Olay günü telefonda görüştüğüm kişiler şunlardır: Kurtuluş Güran, S. Kaçar, Mehmet Selim Atasoy, Ramazan Atasoy, Mehmet Şerif Güran, Ersin Karadaş, Gizem Güran, Devran Güran isimli şahıslarla görüştüm, hatırladıklarım bunlardır.

‘CİNSEL SALDIRI VAR MI BİLMİYORUM’

Narin’in annesi Yüksel, babamın anlattığına göre dayı tarafımız olurlar. Şahsın telefonu rehberimde kayıtlı değildir. Yüksel ile herhangi bir ilişkim bulunmamaktaydı. Narin kardeşim Arif’in kızıdır. Narin isimli çocuğa herhangi birinin fiziki (cinsel) saldırıda bulunup bulunmadığını bilmiyorum ancak öyle bir şey tahminimce olmamıştır.

Ailede muhtar olduğum için ve işlerle iyi ilgilendiğim için ailenin, ekonomik ve idari işlerini ben yaparım. Kimseden alacağım yoktur, kimseye de borcum yoktur. Kardeşim Arif’ten de alacağım ve borcum bulunmamaktadır.

‘TELEFONUMDAN SADECE KAYITLARI SİLDİM’

“Olaydan 10-15 gün önce telefonuma ses kayıt programını indirdim. Konuştuğum şeyleri daha sonra hatırlamak için bu programı indirdim. Ben ses kayıtlarını silmedim ancak olay günü yaptığım arama kayıtlarını sildim. Olay akşamı kardeşim Arif’in ahırında 380 mermi yakalandı, bana bunu haber verdiler. Kayıtları silmekle kötü yapmışım.

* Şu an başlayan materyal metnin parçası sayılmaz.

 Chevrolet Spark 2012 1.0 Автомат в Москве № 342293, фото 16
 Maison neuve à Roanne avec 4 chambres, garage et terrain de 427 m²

‘NARİN’İ BEN KAÇIRMADIM BEN ÖLDÜRMEDİM’

Bizim ailede herkes herkesin arabasına biner. Bu sebeple Narin benim kullandığım araca binmiş olabilir. DNA bu şekilde çıkmış olabilir. Sadece benim aracımda çıkmış olması sebebi benim aracımın tüm kardeşlerim tarafından ortak kullanılması olabilir. Üzerime atılı suçlamaları kabul etmiyorum. Kayıp olan Narin’i ben kaçırmadım veya öldürmedim. Bu olay sebebiyle kimseden şüphelenmiyorum. Olayı kimin yaptığını da bilmiyorum. Ekleyeceğim başka bir husus bulunmamaktadır. Tutuksuz yargılanmak üzere serbest bırakılmayı, Hakimliğiniz aksi kanaatte ise adli kontrol hükümler uygulanarak serbest bırakılmayı talep ederim.”